Source information:
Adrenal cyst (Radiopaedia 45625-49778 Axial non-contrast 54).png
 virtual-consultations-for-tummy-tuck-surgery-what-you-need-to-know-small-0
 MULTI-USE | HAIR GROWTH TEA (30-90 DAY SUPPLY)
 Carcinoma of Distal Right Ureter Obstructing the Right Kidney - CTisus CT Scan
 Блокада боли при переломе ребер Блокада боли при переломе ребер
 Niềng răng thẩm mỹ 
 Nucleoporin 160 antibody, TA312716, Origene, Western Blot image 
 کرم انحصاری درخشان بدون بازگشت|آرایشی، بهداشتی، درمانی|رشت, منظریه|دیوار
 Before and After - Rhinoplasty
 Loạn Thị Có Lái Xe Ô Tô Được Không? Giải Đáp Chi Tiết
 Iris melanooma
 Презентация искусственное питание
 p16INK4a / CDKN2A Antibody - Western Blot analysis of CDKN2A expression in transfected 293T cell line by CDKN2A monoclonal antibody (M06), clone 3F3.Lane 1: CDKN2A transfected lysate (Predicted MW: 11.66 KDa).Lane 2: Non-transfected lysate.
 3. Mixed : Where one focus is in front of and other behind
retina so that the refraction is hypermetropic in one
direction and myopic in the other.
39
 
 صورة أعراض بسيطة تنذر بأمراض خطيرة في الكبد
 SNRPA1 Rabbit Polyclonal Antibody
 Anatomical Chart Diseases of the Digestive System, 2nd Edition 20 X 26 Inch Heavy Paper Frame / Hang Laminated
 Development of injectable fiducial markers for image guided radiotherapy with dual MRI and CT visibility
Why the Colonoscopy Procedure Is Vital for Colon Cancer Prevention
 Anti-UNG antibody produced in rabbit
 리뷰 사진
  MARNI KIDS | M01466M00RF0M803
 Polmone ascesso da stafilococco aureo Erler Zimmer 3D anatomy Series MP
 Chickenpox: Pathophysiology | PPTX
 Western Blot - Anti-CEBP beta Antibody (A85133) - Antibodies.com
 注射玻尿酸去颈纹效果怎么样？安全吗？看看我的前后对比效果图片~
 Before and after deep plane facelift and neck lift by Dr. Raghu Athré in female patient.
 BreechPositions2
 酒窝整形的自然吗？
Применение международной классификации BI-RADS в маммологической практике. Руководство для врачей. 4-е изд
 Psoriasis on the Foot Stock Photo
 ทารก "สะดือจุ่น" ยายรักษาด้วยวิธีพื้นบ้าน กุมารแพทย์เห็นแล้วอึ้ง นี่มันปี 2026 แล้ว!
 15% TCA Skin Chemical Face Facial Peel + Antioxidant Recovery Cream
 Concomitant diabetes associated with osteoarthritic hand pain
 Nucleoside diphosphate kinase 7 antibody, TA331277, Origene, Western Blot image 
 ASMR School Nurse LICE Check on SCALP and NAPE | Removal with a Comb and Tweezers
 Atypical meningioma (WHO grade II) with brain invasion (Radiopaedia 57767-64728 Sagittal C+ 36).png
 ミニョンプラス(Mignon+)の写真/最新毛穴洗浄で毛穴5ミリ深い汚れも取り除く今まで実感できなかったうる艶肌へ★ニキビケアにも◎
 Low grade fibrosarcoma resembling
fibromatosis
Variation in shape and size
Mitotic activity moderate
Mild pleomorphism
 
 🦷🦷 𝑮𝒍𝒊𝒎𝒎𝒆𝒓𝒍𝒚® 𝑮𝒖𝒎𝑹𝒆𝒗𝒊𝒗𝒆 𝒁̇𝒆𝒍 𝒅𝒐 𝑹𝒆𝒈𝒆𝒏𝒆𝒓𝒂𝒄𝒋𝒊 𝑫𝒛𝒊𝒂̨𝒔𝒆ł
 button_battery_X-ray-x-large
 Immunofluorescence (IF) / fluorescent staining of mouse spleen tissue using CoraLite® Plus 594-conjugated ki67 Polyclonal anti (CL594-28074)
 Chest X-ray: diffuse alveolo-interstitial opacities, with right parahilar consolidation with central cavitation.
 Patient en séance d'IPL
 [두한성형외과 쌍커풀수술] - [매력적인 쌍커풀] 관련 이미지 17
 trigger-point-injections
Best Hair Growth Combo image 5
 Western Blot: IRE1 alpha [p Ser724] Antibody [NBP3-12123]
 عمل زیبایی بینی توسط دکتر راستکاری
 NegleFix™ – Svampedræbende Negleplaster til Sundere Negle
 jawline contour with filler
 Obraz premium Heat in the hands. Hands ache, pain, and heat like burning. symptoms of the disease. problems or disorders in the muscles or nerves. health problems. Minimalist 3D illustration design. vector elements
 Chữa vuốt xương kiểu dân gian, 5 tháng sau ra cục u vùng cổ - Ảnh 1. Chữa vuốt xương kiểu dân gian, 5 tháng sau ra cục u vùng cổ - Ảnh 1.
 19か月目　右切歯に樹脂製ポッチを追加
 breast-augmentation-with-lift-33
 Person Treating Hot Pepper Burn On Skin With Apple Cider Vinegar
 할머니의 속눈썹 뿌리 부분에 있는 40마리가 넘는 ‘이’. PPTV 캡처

How to complete this task:
Write out, exactly and with nothing else, the lines of the listing above from its first line through the line with "p16INK4a / CDKN2A".

Reply:
Adrenal cyst (Radiopaedia 45625-49778 Axial non-contrast 54).png
 virtual-consultations-for-tummy-tuck-surgery-what-you-need-to-know-small-0
 MULTI-USE | HAIR GROWTH TEA (30-90 DAY SUPPLY)
 Carcinoma of Distal Right Ureter Obstructing the Right Kidney - CTisus CT Scan
 Блокада боли при переломе ребер Блокада боли при переломе ребер
 Niềng răng thẩm mỹ 
 Nucleoporin 160 antibody, TA312716, Origene, Western Blot image 
 کرم انحصاری درخشان بدون بازگشت|آرایشی، بهداشتی، درمانی|رشت, منظریه|دیوار
 Before and After - Rhinoplasty
 Loạn Thị Có Lái Xe Ô Tô Được Không? Giải Đáp Chi Tiết
 Iris melanooma
 Презентация искусственное питание
 p16INK4a / CDKN2A Antibody - Western Blot analysis of CDKN2A expression in transfected 293T cell line by CDKN2A monoclonal antibody (M06), clone 3F3.Lane 1: CDKN2A transfected lysate (Predicted MW: 11.66 KDa).Lane 2: Non-transfected lysate.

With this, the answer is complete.